Becuase this examples are very simmilar, I will limit myself to comments in code.

Train model

from sklearn.ensemble import RandomForestRegressor
from sklearn.datasets import load_diabetes
from sklearn.model_selection import train_test_split
from sklearn.tree import export_graphviz
import graphviz

# Load the diabetes dataset
diabetes = load_diabetes()

# Separate features (X) and target (y)
X = diabetes.data  # Features (e.g., age, BMI, etc.)
y = diabetes.target  # Target (a continuous value, which is a measure of disease progression)

# Split the dataset into training and testing sets
X_train, X_test, y_train, y_test = train_test_split(X, y, test_size=0.2, random_state=42)

# Initialize the RandomForestRegressor
rf_regressor = RandomForestRegressor(
    n_estimators=50,  # Number of trees in the forest
    max_depth=5,      # Maximum depth of the trees
    random_state=42   # Seed for reproducibility
)

# Train the regressor on the training data
rf_regressor.fit(X_train, y_train)

Plot with plot_tree

import matplotlib.pyplot as plt
from sklearn.tree import plot_tree

# Assuming rf_regressor is a trained RandomForestRegressor
tree = rf_regressor.estimators_[0]

# Load the diabetes dataset
diabetes = load_diabetes()

# Set figure size
plt.figure(figsize=(20, 10))

# Plot the tree
plot_tree(tree, 
          feature_names=diabetes.feature_names,  # Use the feature names from the dataset
          filled=True,              # Fill nodes with colors for better visualization
          rounded=True)             # Rounded edges for nodes

# Add a title
plt.title("Decision Tree from the Random Forest")
plt.show()

with plot_tree() i can trace density of data in nodes by the color

Plot with graphviz

tree = rf_regressor.estimators_[0]

# Define feature names (the diabetes dataset does not provide feature names directly)
features = diabetes.feature_names
# Export the selected tree to DOT format
dot_file_path = "diabetes_forest_tree.dot"
export_graphviz(
    tree, 
    out_file=dot_file_path, 
    feature_names=features,  # Feature names from the diabetes dataset
    filled=True,  # Color the nodes
    rounded=True,  # Rounded corners for nodes
    special_characters=True  # Allows special characters in labels
)

# Read the DOT file and visualize the tree using Graphviz
with open(dot_file_path) as f:
    dot_graph = f.read()

# Visualize the tree using graphviz
graph = graphviz.Source(dot_graph)
graph.render("diabetes_forest_tree")  # Save the tree visualization as a file
graph
graphviz output is similar to plot_tree() but a looks more interesting

Plot with dtreeviz

from dtreeviz import model
tree = rf_regressor.estimators_[0]

viz_model = model(
    tree,
    X_train=X_train,
    y_train=y_train,
    feature_names=diabetes.feature_names,
    target_name="diabetes",
)

viz_model.view()
clean but can get a little unreadable

Plot with supertree

In previous example tree is a little unreadable. supertree has simmilar problem, but fixes it.
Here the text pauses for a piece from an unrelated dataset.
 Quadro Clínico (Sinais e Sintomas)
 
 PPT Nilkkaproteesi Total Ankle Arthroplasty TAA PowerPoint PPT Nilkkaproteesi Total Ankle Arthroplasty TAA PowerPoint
I can use scroll in my mouse to zoom in on particular elements and see details on interactive diagrams.

You can try this out on mljar.com/supertree.

from supertree import SuperTree

st = SuperTree(
    rf_regressor, 
    X_train, 
    y_train, 
    diabetes.feature_names, 
    "diabetes"
)

st.show_tree(which_tree=0)
interactive plots impress everyone

supertree package looks like great all-rounder, especially in notebooks. It not only looks interesting but also gives easy acces to details by hovering mouse over elements. However I think that this interactivity is what rises supertree over other comeptitors.

I can not recommed this package enough.